### SOURCE MATERIAL

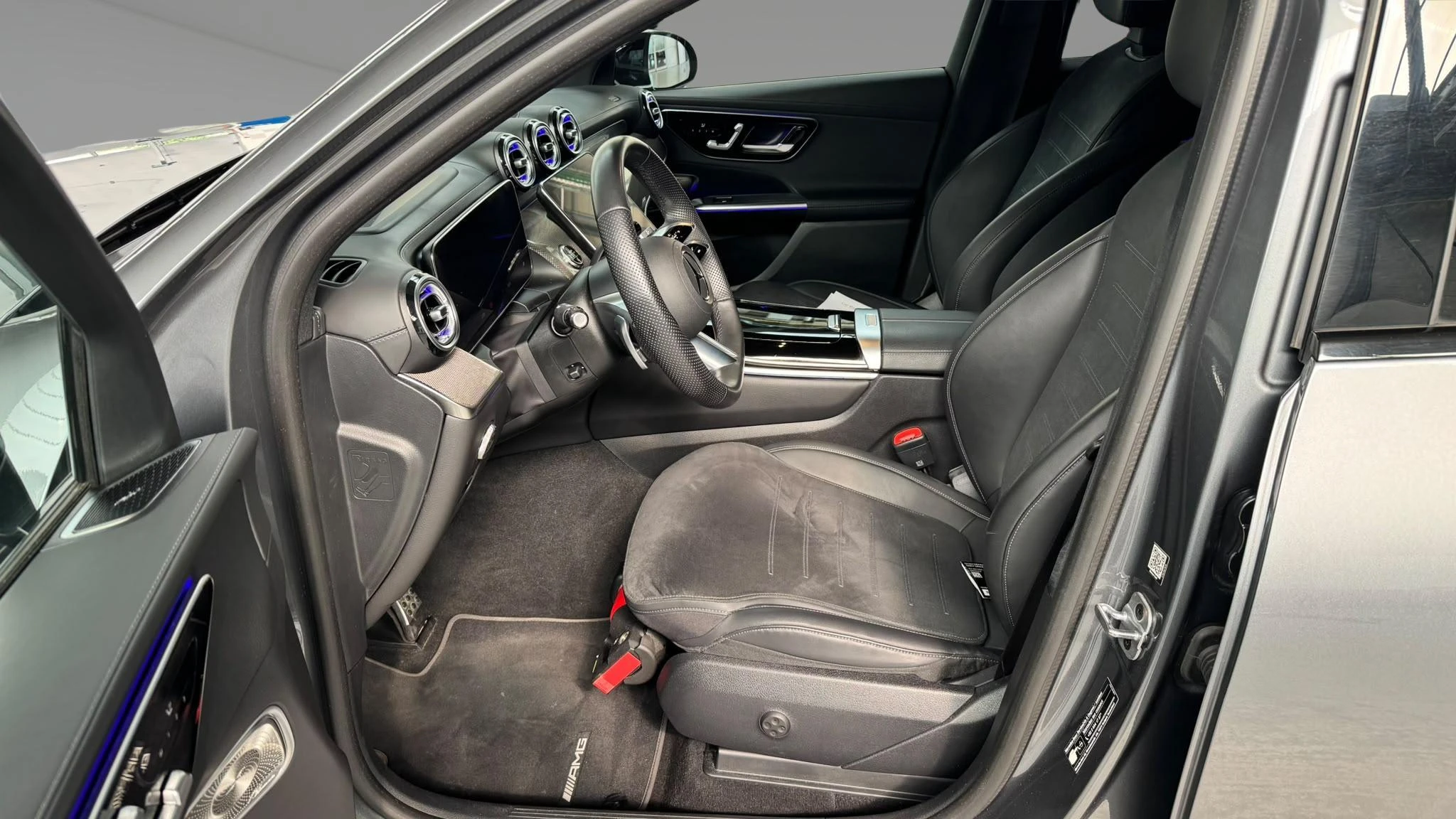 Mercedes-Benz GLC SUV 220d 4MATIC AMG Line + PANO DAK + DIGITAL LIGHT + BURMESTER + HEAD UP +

######
### SOURCE MATERIAL

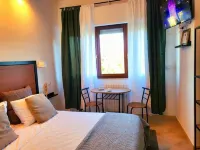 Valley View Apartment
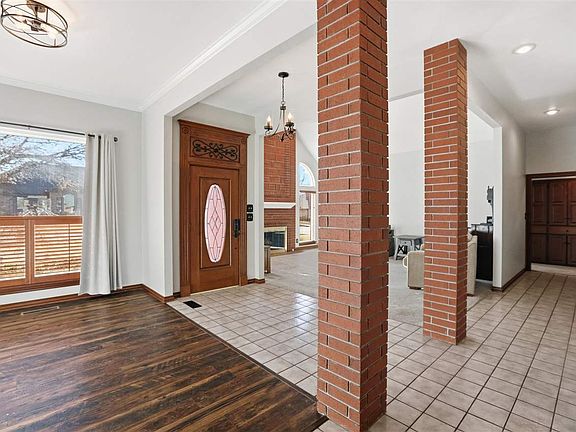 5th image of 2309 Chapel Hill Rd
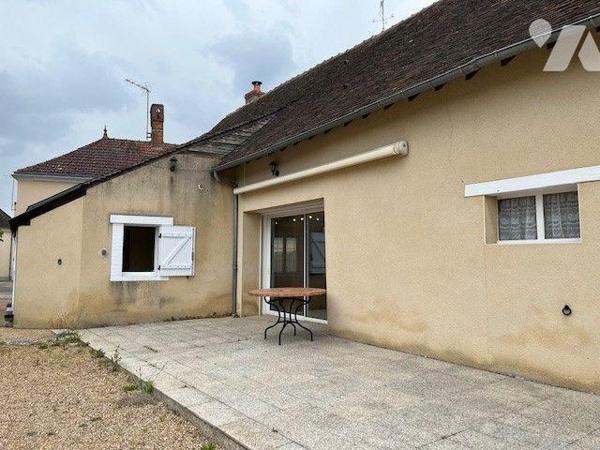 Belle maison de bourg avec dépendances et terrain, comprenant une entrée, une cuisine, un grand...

######
### SOURCE MATERIAL

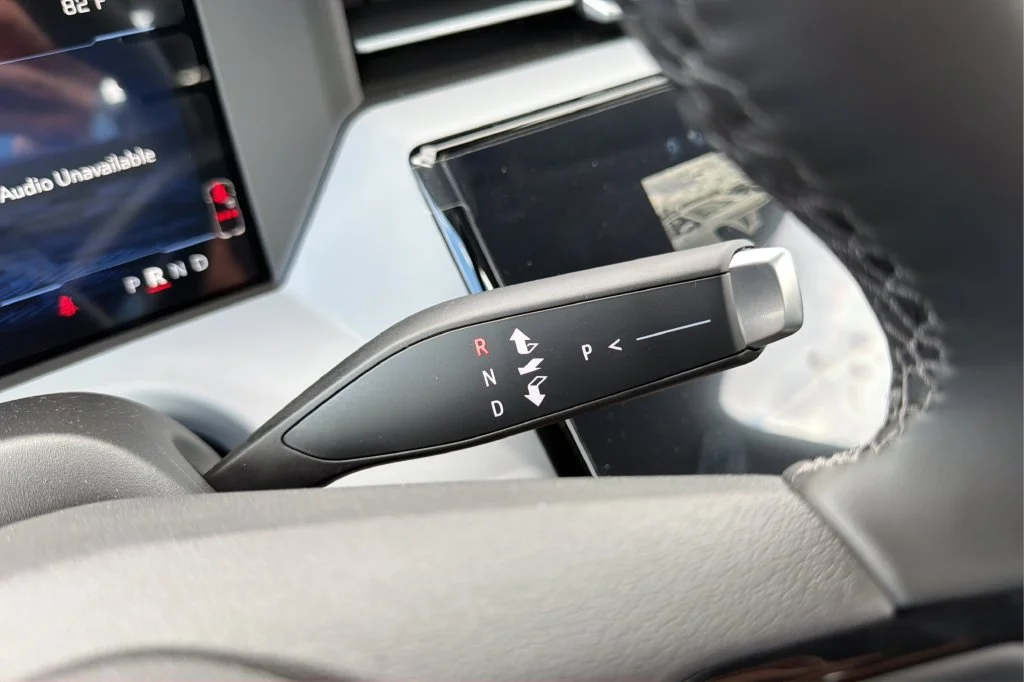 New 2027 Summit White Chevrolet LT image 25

######

■ **WHAT YOU NEED TO DO**
Reproduce, word for word, everything in the listing above from the line containing "5th image of 2309 Chapel Hill Rd" down to the line containing "Belle maison de", both of them included. No pictures.

■ **PROBLEM SOLUTION**
 5th image of 2309 Chapel Hill Rd
 Belle maison de bourg avec dépendances et terrain, comprenant une entrée, une cuisine, un grand...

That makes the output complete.